Wpis z mikrobloga

Mirki pomocy!

Miałem dzisiaj kolizję na rondzie grunwaldzkim w Krakowie, kilka minut przed 16. Skręcałem od Monte Cassino w aleje (w lewo). Pas był jeden, jednak mieszczą się na nim 2 auta. Jako że wszyscy stali po lewej stronie pasa to jadąc miałem po prostu wolne. Zmieniły się światła, gość obok to zaakceptował i zjechał za mnie, jednak babka, która była drugą bądź trzecia zaczęła trąbić i uderzyła swoją prawą stroną w moją lewą. Przyjechała policja i stwierdzili moją winę (bo nie można wyprzedać prawą stroną lol). W momencie jak dojeżdżałem do świateł ta pani stała w korku, więc ją omijałem a nie wyprzedzałem. Dodatkowo policja za nic miała argument o art. 16 pord, zlekceważyli także moją sugestie, że ta pani mogła we mnie nie wjeżdżać a nacisnąć hamulec. Baba wjechała celowo, zatrąbiła i próbowała mnie zepchnąć.
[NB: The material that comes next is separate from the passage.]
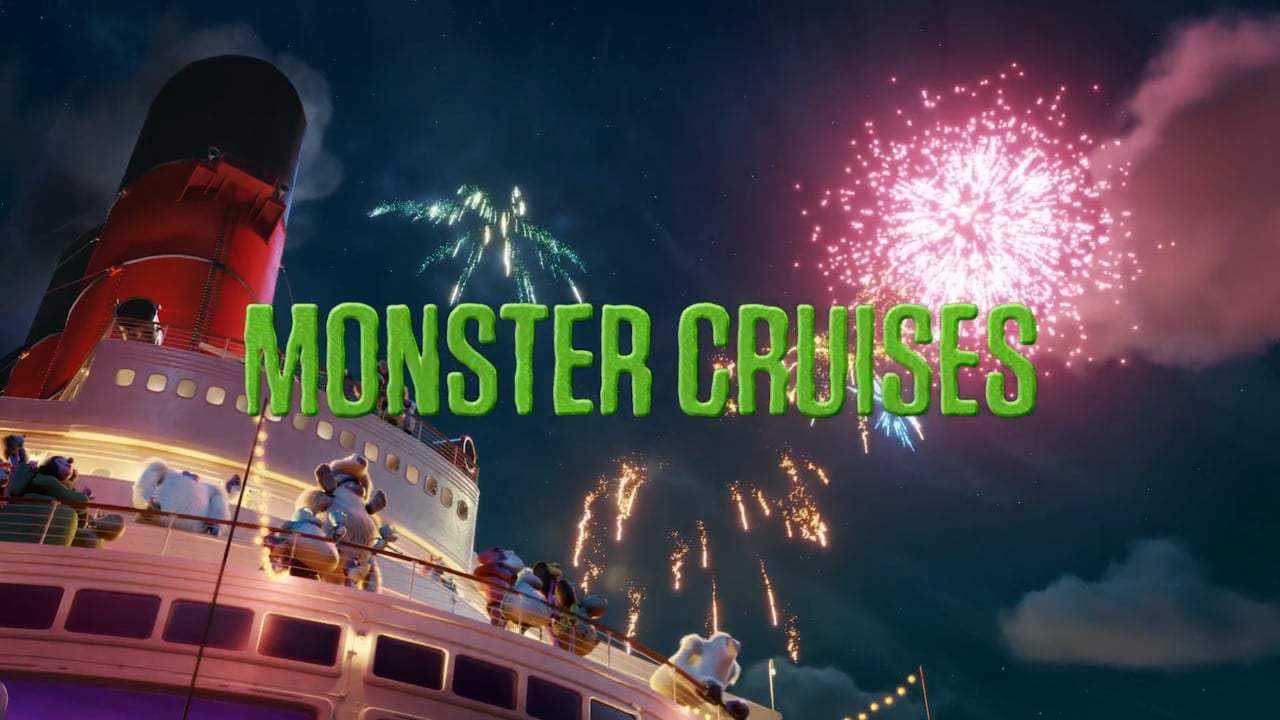 Hotel Transylvania 3: Summer Vacation TV Spot - Mock Ad: Monster Cruise (2018) Screen Capture #4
No i Grande finale, nie przyjąłem mandatu. Czy jest tu może szczęśliwie jakiś świadek bądź ktoś doradzi jak uzyskać dostęp do monitoringu? Jak wygląda taka sprawa etc? Przepraszam za chaos, to jest moja pierwsza sytuacja tego typu, a potrzebuję pomocy. Jestem szarakiem, a nie chcę dać babie satysfakcji.

#krakow #motoryzacja #kolizja #policja
  • 75
  • Odpowiedz
  • Otrzymuj powiadomienia
    o nowych komentarzach

Przyjechała policja i stwierdzili moją winę (bo nie można wyprzedać prawą stroną lol)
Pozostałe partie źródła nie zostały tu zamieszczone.